(Beginning of INPUT MATERIAL)
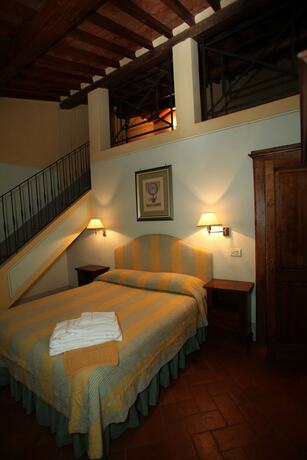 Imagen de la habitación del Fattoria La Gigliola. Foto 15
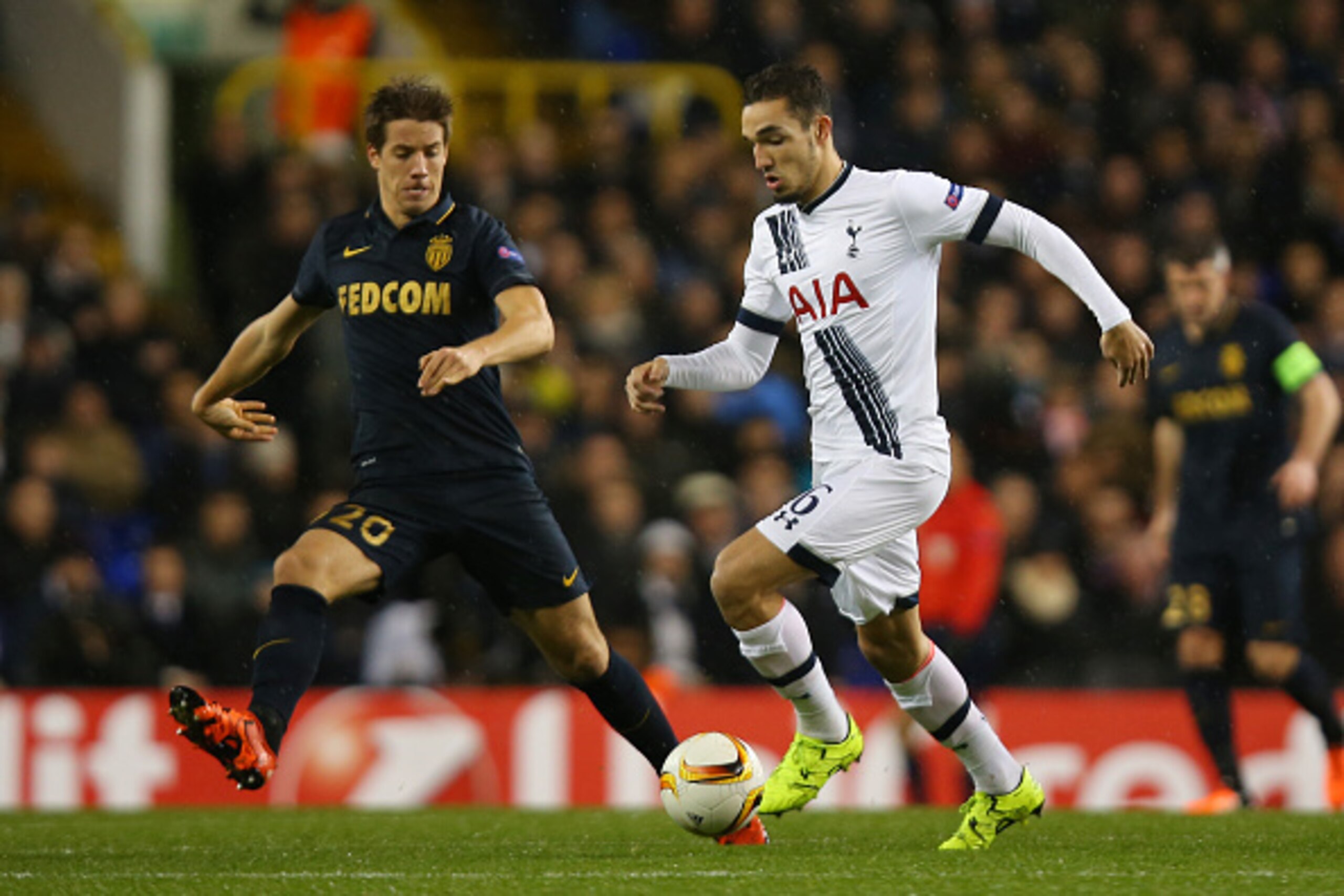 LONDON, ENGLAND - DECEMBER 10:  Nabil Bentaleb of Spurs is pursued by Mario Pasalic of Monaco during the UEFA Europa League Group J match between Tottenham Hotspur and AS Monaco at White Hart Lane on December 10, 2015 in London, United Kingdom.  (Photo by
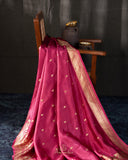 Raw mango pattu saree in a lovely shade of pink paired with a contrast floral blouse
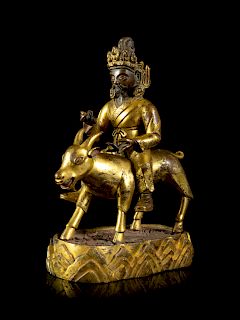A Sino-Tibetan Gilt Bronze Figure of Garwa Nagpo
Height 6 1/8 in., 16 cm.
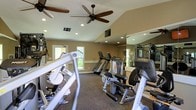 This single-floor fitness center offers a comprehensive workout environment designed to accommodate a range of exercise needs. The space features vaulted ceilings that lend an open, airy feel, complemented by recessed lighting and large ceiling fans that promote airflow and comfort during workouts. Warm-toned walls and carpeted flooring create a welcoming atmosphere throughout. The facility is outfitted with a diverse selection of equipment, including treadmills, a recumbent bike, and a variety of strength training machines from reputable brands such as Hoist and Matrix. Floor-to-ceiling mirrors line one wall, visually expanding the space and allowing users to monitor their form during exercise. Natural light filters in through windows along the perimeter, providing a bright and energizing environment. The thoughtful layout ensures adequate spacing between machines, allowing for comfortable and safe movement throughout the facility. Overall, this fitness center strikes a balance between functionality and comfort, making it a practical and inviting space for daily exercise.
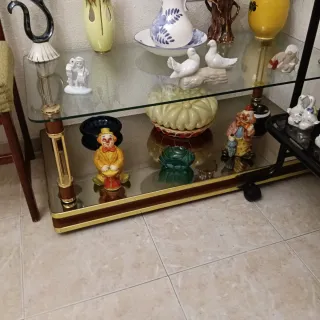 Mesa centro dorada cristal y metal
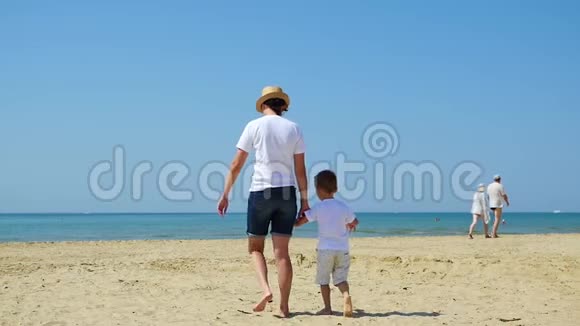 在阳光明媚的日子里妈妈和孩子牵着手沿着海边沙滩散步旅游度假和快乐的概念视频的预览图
(End of INPUT MATERIAL)
* EXERCISE GOAL *
Copy every record above exactly as written, but leave out the pictures.

* TASK RESPONSE *
 Imagen de la habitación del Fattoria La Gigliola. Foto 15
 LONDON, ENGLAND - DECEMBER 10:  Nabil Bentaleb of Spurs is pursued by Mario Pasalic of Monaco during the UEFA Europa League Group J match between Tottenham Hotspur and AS Monaco at White Hart Lane on December 10, 2015 in London, United Kingdom.  (Photo by
 Raw mango pattu saree in a lovely shade of pink paired with a contrast floral blouse
A Sino-Tibetan Gilt Bronze Figure of Garwa Nagpo
Height 6 1/8 in., 16 cm.
 This single-floor fitness center offers a comprehensive workout environment designed to accommodate a range of exercise needs. The space features vaulted ceilings that lend an open, airy feel, complemented by recessed lighting and large ceiling fans that promote airflow and comfort during workouts. Warm-toned walls and carpeted flooring create a welcoming atmosphere throughout. The facility is outfitted with a diverse selection of equipment, including treadmills, a recumbent bike, and a variety of strength training machines from reputable brands such as Hoist and Matrix. Floor-to-ceiling mirrors line one wall, visually expanding the space and allowing users to monitor their form during exercise. Natural light filters in through windows along the perimeter, providing a bright and energizing environment. The thoughtful layout ensures adequate spacing between machines, allowing for comfortable and safe movement throughout the facility. Overall, this fitness center strikes a balance between functionality and comfort, making it a practical and inviting space for daily exercise.
 Mesa centro dorada cristal y metal
 在阳光明媚的日子里妈妈和孩子牵着手沿着海边沙滩散步旅游度假和快乐的概念视频的预览图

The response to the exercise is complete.